### What to produce
With the pictures omitted, write out all of the listing exactly.

### Information shown
————
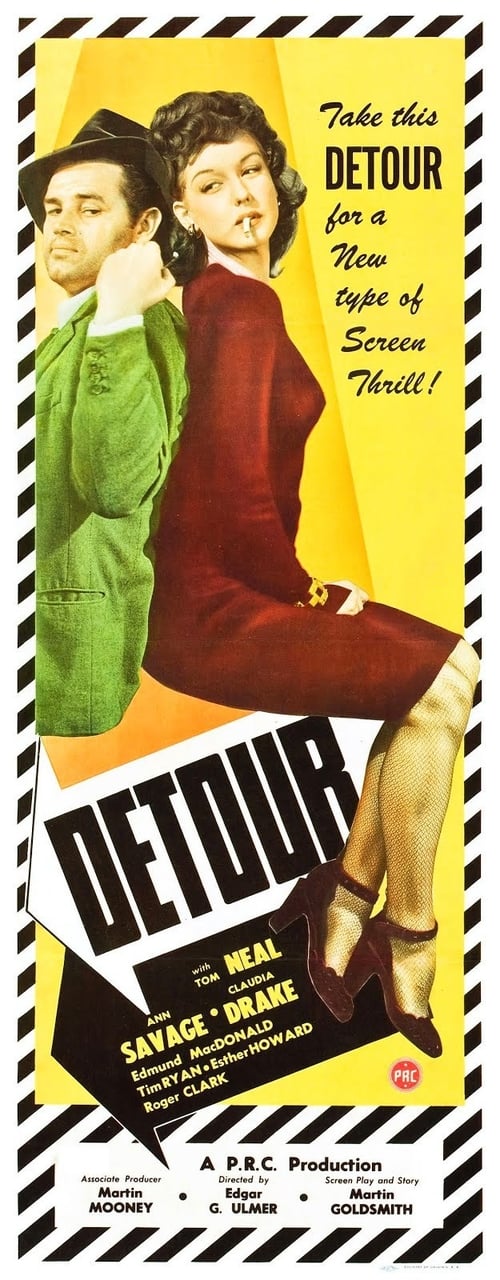 Detour 1945 Download ITA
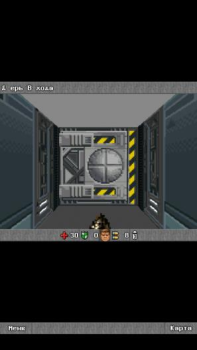 DOOM RPG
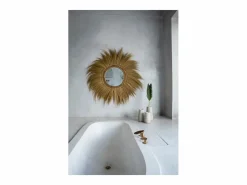 El Jarrón Cutie - Cemento Natural - M^Bazar Bizar Sale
————
### Result below
 Detour 1945 Download ITA
 DOOM RPG
 El Jarrón Cutie - Cemento Natural - M^Bazar Bizar Sale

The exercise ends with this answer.